Database Test Driven Development

UPDATE: This article is based on extensions written for tsqlunit. Those extensions are not any longer supported. However, if you are still using SQL Server 2000 you might want to check them out as tSQLt is not compatible with SQL Server 2000. Besides of these points, this article is still a worthwhile introduction to Database Test Driven Development.

Test Driven Development (TDD) is known to be a successful method of object oriented development. In database development however, TDD practices are not wide-spread and development teams struggle with applying the TDD principles to the SQL language. This is a problem, because it leads to poorly tested code. In turn, not having the appropriate test cases, makes it difficult to improve your existing database design. Not implementing TDD practices in the database, overtime, leads to a decaying architecture and can hinder the evolution of the overall application. This article discusses ways to enable software developers to use TDD to develop in databases.

TDD is based on the following principles:
1. develop only what you need
2. build software so that it is testable
3. build software so that it is flexible
4. build a regression test suite that provides the confidence to improve design by refactoring
5. automate the tedious parts of testing
6. run tests frequently to provide constant feedback

The key step in test driven development is to write the test first. Then write only enough code to make it pass. This accomplishes two things: first, it means no matter what you write, you’ll have test coverage; second, you’ll be forced to write your code in a testable manner.

TDD is being used in many object oriented programming environments.

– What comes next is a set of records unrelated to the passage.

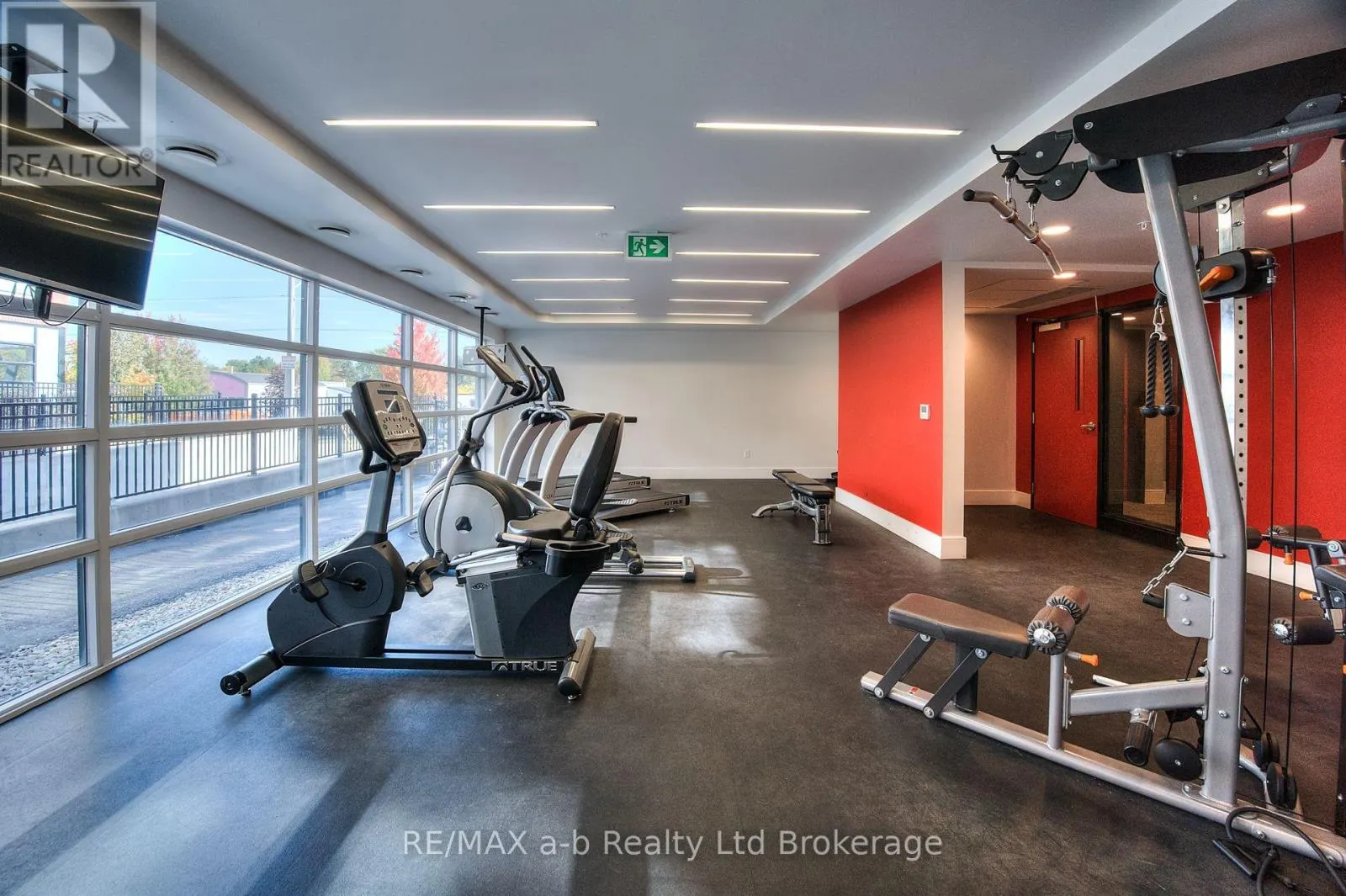 415 - 155 ST LEGER STREET, #415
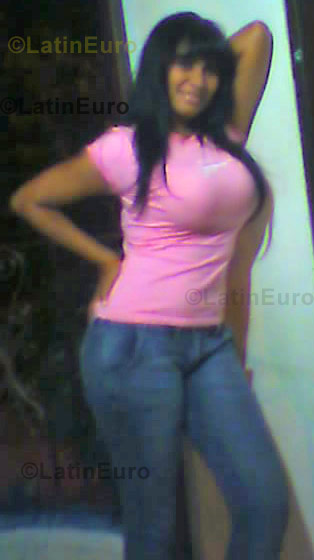 Date this funny Colombia girl Leidis from Valledupar C8807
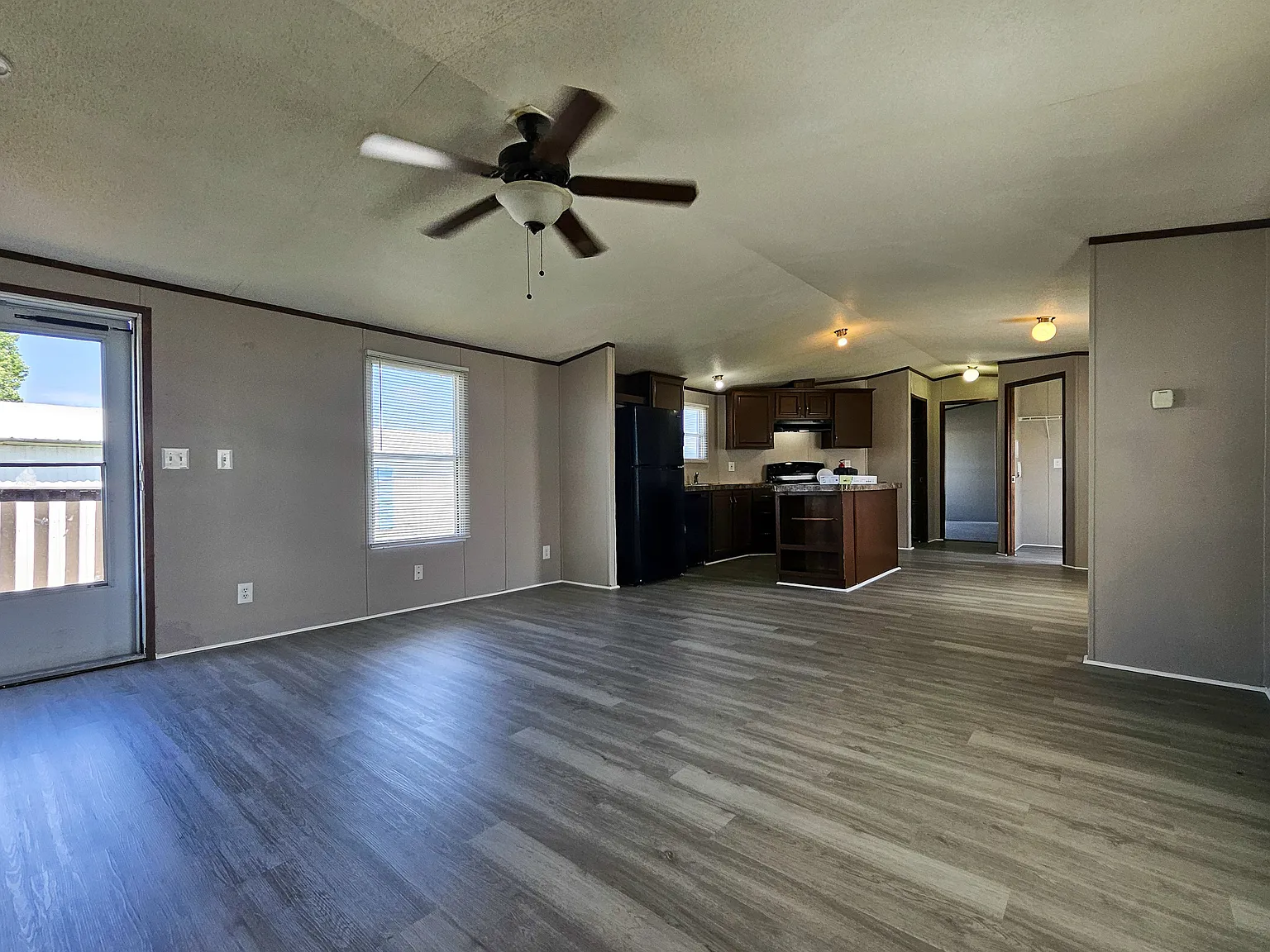 1644 E. Hwy 66 — Photo 4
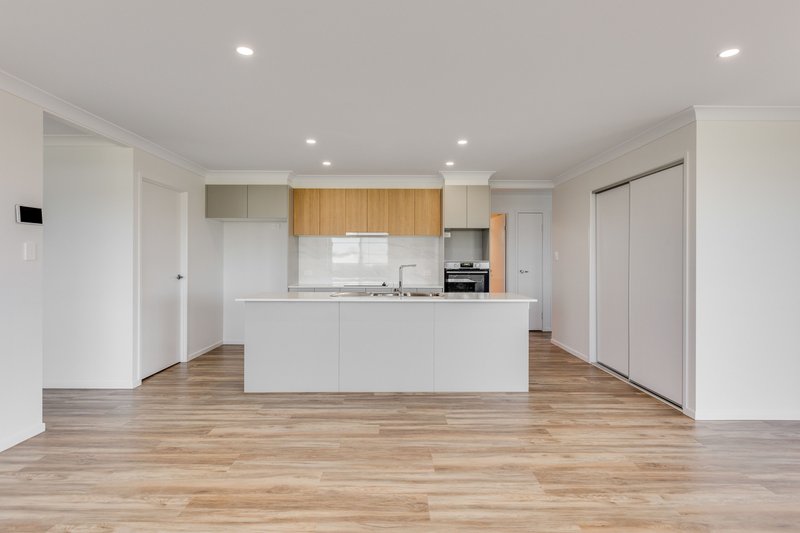 Photo - 3 Cattell Crescent, Pittsworth QLD 4356 - Image 2
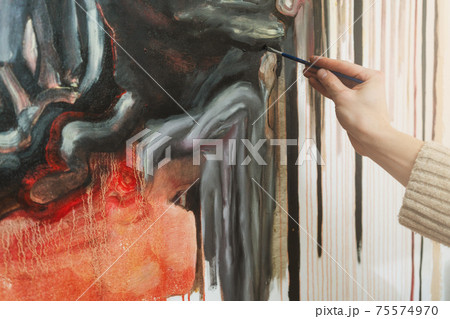 Young man paint abstract painting on canvas in art studio 75574970
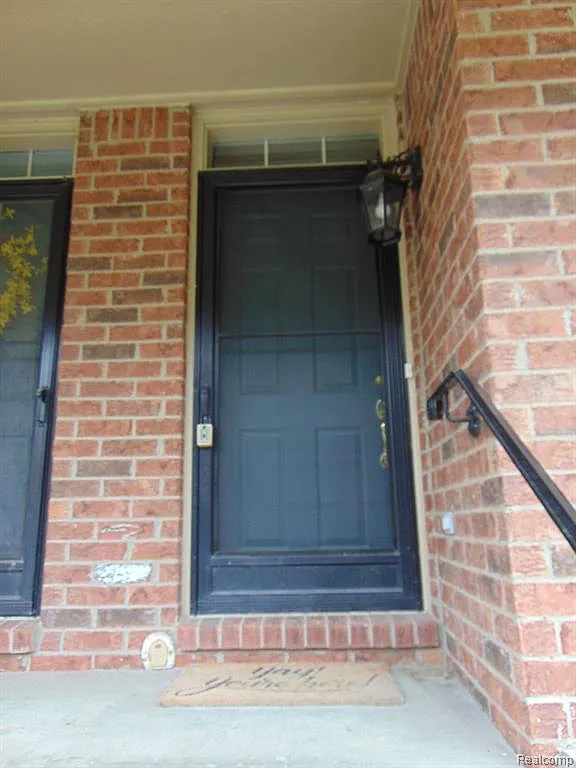 3 bed, 2.0 bath, 1641 sqft, $2,400 — Photo 4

But can it successfully be applied to database development?

Sebastian and I first met on a project where we would put this to the test. The project was an ETL (extract-transform-load) application whose implementation was almost entirely in MS SQL Server 2000’s T-SQL language. When we first began to work on the project, the ETL application suffered from substantial quality and performance problems.

A single tester was assigned to the project to create test scenarios, execute them and validate them by hand. Five developers in the mean time were working on correcting defects and improving the application’s performance. However, as each fix was made, previously working components broke. Many of these defects were not discovered until days or weeks after the change was made. The project was in a state of chaos. We were not even sure if we would be able to complete it.

We realized, that the source of the issue was the long feedback loop between making a code change and seeing its impact to the system. Therefore, we decided to give automated testing a try. We built a custom database testing framework which was used to write unit and integration tests. Developers began writing test cases first before making their code change. They specified the inputs, execution steps and expected results as an automated test case. They ran the test to make sure it failed first. Then they changed the code and executed the test to make sure it now passed.

Over time, a large testing suite was created which could be executed at any time to see if we were making successful changes. This provided instant feedback on the effects of our code. It also allowed us to make performance enhancements knowing that the overall functionality had not been changed. TDD had been a powerful force in bringing success to this project.
What to Test

Databases include a variety of objects which you must construct. They implement the data integrity, the application logic and even security. Your application may also include seed data that is deployed. It is clear that programmed logic such as stored procedures and functions should be tested. However, you should also test query statements (including views), constraints (such as foreign keys, uniques, defaults, etc), security, performance and scalability. The data itself may also be tested.
Examples

The following examples are implemented using T-SQL Unit plus a few additional procedures we have written to make testing easier.

A Simple Example

Suppose we need to routinely generate a list of numbers. We may want to create a function that returns a table of integers with a given number of rows. We may want to use the following syntax to call the function:

SELECT no FROM dbo.FnNum(5)

And expect that this returns the numbers from 1 to 5.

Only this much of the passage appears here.